世界で最も革新的な企業は、開発すべきプロダクトや機能の仮説を立てることで現在の地位を獲得したわけではありません。データを使って意思決定プロセスを進め、ユーザーが本当に求めているもの、必要としているものを開発前に把握していました。データを活用してユーザーとその体験を理解し、プロダクトに関して戦略的な意思決定を行い、イノベーションを推進することは、プロダクト主導型になるための基礎となります。データがなければ企業は直感に頼らざるを得ません。このような戦略は拡張性に乏しく、一歩間違えれば財務的破綻につながるため、必ずしもスマートな戦略とは言えません。

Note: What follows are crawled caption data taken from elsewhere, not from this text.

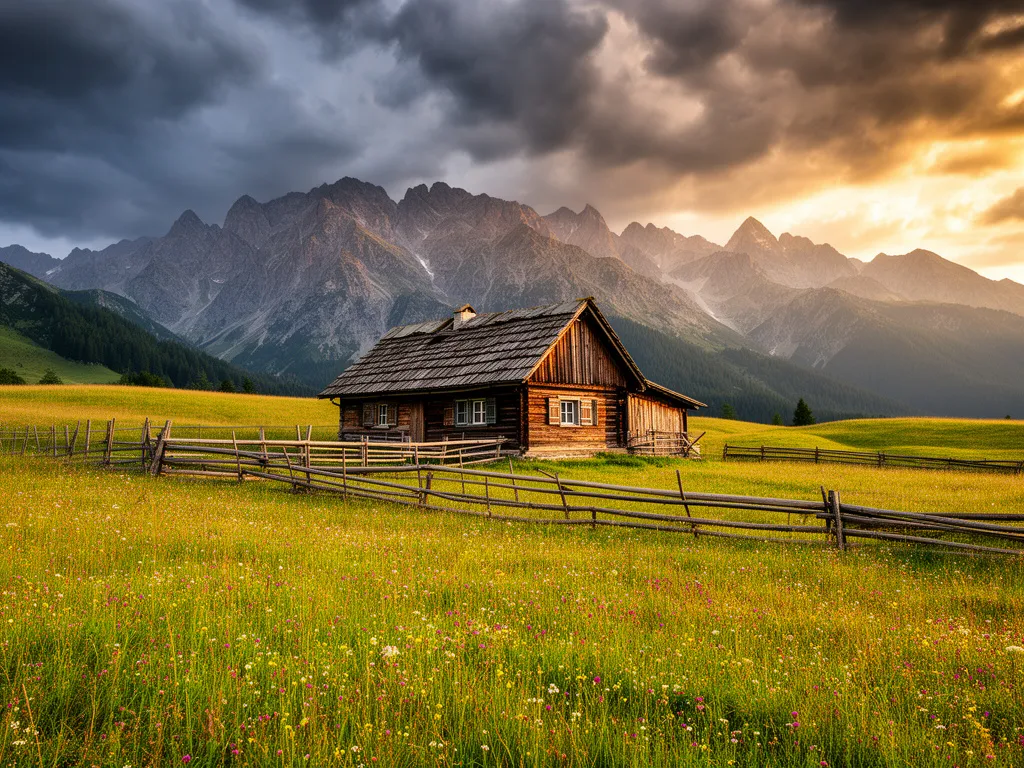 Agroturystyka zakopane - drewniany dom góralski na tle Tatr z zieloną łąką i kwiatami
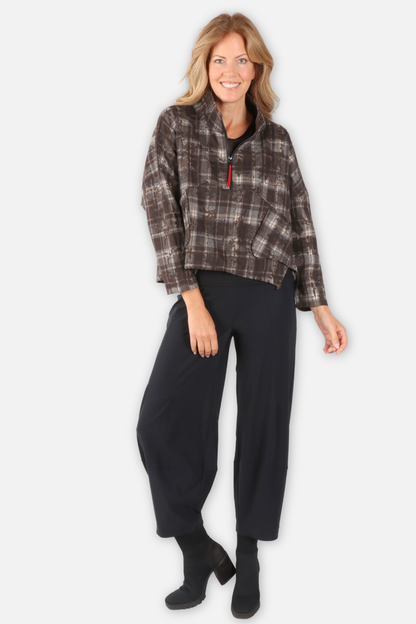Plaid Half Zip Jacket - Black & Coffee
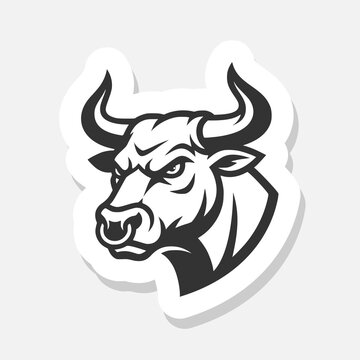 The head of a ferocious bull sign icon sticker isolated on gray background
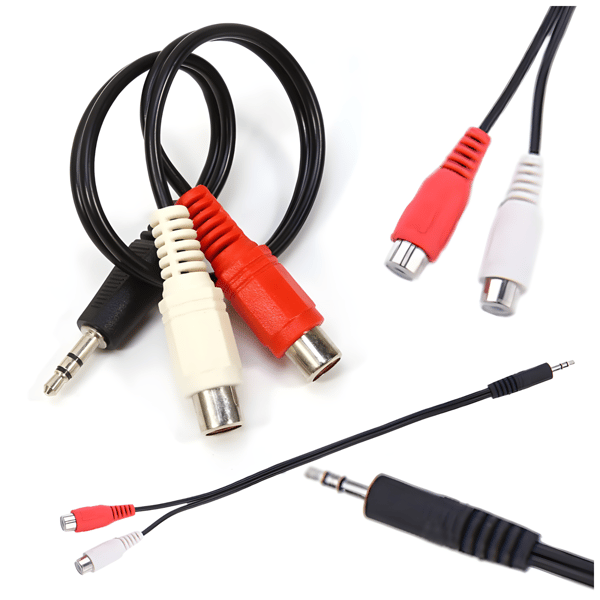Adapter 3.5 mm han till 2 x RCA hon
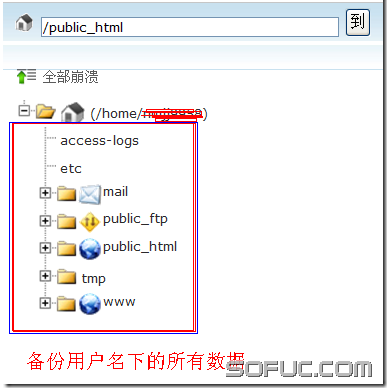 主目录备份即是备份cPanel用户(/home/yourname)下的所有数据.如下图所示
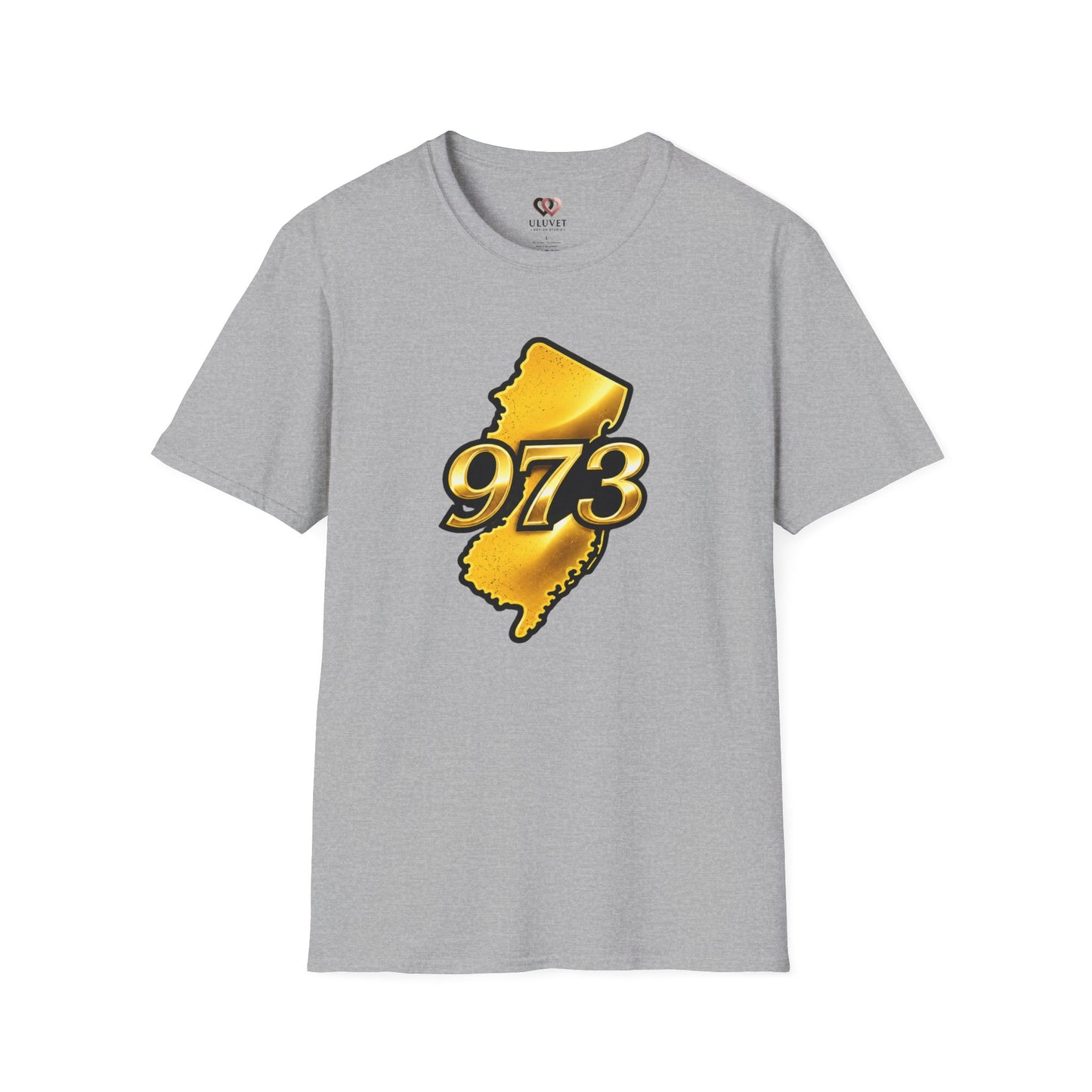 973 New Jersey State T-Shirt — Gold Jersey Area Code Tee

このブログシリーズでは、プロダクト主導型になることが顧客の健全性企業の成長、そしてユーザーの生産性にもたらすプラスの影響について説明してきました。最終回となる今回は、プロダクト主導型の戦略が、あらゆる規模や成熟度の企業において、データに基づいた意思決定を行い、イノベーションと反復をより速く実現するためにどのように役立っているかを見ていきます。

 

効果的かつ効率的なプロダクト開発に、データが重要である理由

ユーザーに大きな価値を提供できる(そしてビジネスに利益をもたらす)プロダクトや機能を開発するために、プロダクト開発チームは自社のユーザーが誰で、何を重視しているのかを明確に理解する必要があります。ユーザーがどのようにプロダクトと関わり、どのようにプロダクト内を移動するかを可視化する必要があります。また、ユーザーがどこで行き詰まっているのか、あるいはどこで最大の価値を得ているのかを見極める必要もあります。そのデータをもとに、プロダクトマネージャー(PM)と開発者は、今後のリリースで何を変更すべきかを判断できます。

プロダクトアナリティクスは、ビジネス全体のチームが拡張可能かつ客観的な方法でこの種のインサイトを明らかにし、それに基づいて行動するために不可欠なものです。これにより、ユーザーがどのようにプロダクトと関わっているかを正確に把握し、新機能や機能改善の機会を発見し、プロダクトロードマップ策定に向けた価値の高い取り組みを見出すことができます。

ユーザーの行動や期待をしっかりと把握しておかなければ、プロダクトチームや開発チームは一握りのユーザーからの事例証拠に基づいて、つまり多くの場合ユーザーベース全体の経験を反映せずに、重要な(そして時には高コストとなる)決定を下さなければならなくなります。このように客観的なプロダクトインサイトが不足していると、チームは現在のユーザーや将来のユーザーが関心があることを推測するしかありません。その結果、開発者はユーザーが実際には必要としていないかもしれないプロダクトや機能を開発することになり、時間とリソースの無駄につながります。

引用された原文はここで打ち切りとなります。